Germany is in the midst of a deep economic and energy crisis. The social market economy’s former promise of upward mobility – that one could improve one’s standard of living through hard work and diligence – no longer holds true. Exclusion, cancel culture and ‘firewall’ debates fundamentally call freedom of expression and democracy into question. What is going wrong in Germany? What responsibility does the federal government bear? And what might the way out of the crisis look like? I discussed these and other questions with Saxony’s Minister-President Michael Kretschmer at a panel discussion in Dresden.

A government on the wrong track

Overpriced energy, crumbling infrastructure, excessive bureaucracy – Chancellor Merz has no strategy to halt the deindustrialisation of the German economy. In my interview with Kontrafunk, I discuss why we urgently need to move beyond the federal government’s ideology-driven economic and energy policies, and why Germany cannot survive as an industrial nation in the long term without imports of cheap oil and gas from Russia.

Chancellor Clueless

The Chancellor has once again demonstrated that he has no idea about real life. In an interview with Caren Miosga, Merz claimed that a shop assistant has to pay less than 144 euros a month in health insurance contributions. What nonsense! Even full-time minimum-wage earners currently pay around 200 euros a month. The Chancellor clearly does not realise that it is primarily low-income earners and the middle class who fund the social security systems. But this is not just a matter of a false statement. After one year in office, it would be best for our country if there were no second year. Merz is pursuing policies that nobody voted for and which are leading our country into decline. Merz must go! A genuine defence of democracy would be to replace this botched coalition with a competent government of people-oriented experts who seek their majorities in Parliament on the merits of the issue and do not exclude any parliamentary group in the process.

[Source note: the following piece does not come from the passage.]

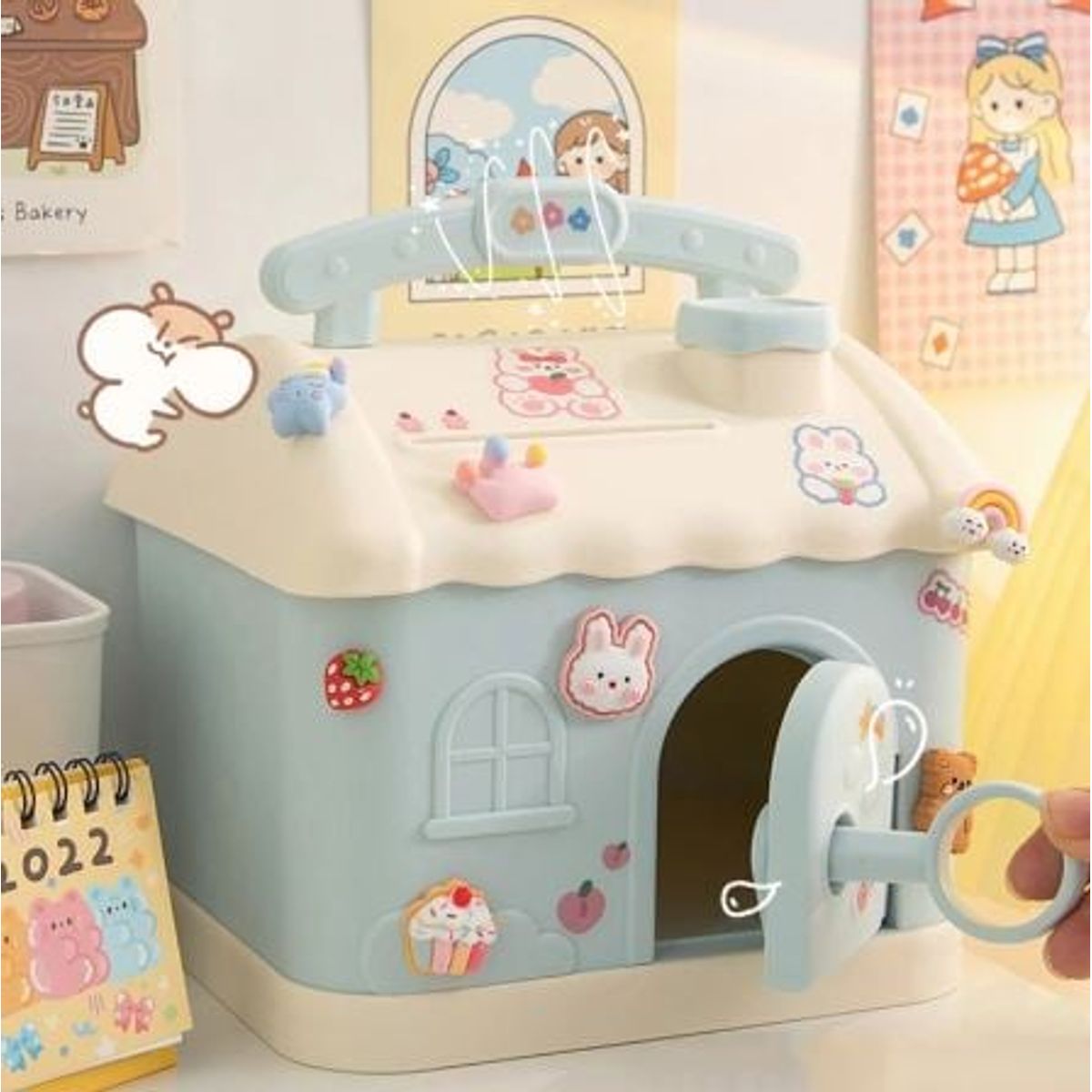 GENERICO - alcancia casita kawaii celeste con llave y sticker 2d y 3d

From the 28 May Newsletter

The Truth Complex

Why is it that the media increasingly seem to be singing from the same hymn sheet? How does the state-organised suppression of unwelcome opinions work? And what role do NGOs, influencers and journalists play in this? For anyone seeking answers to these questions, I can highly recommend the recently published book “The Truth Complex: How NGOs Combat Unwelcome Opinions on Behalf of the State” by Norbert Häring – business journalist and member of the BSW Commission on Fundamental Values. Further information on the subject can be found on this accompanying page for the book.

Urgent letter to Merz

“By calling for ever more weapons, ever greater military capabilities and ever louder displays of ‘resolve’, and by signalling that Germany is preparing for war rather than working to end it, you have turned Berlin into a catalyst rather than a brake on a Europe-wide war.” In powerful terms, economist and diplomat Jeffrey Sachs calls on Chancellor Friedrich Merz in an urgent letter to begin talks with Russian President Putin without delay in order to establish peace in Europe and halt Germany’s industrial decline. This text should be required reading for every single member of the cabinet!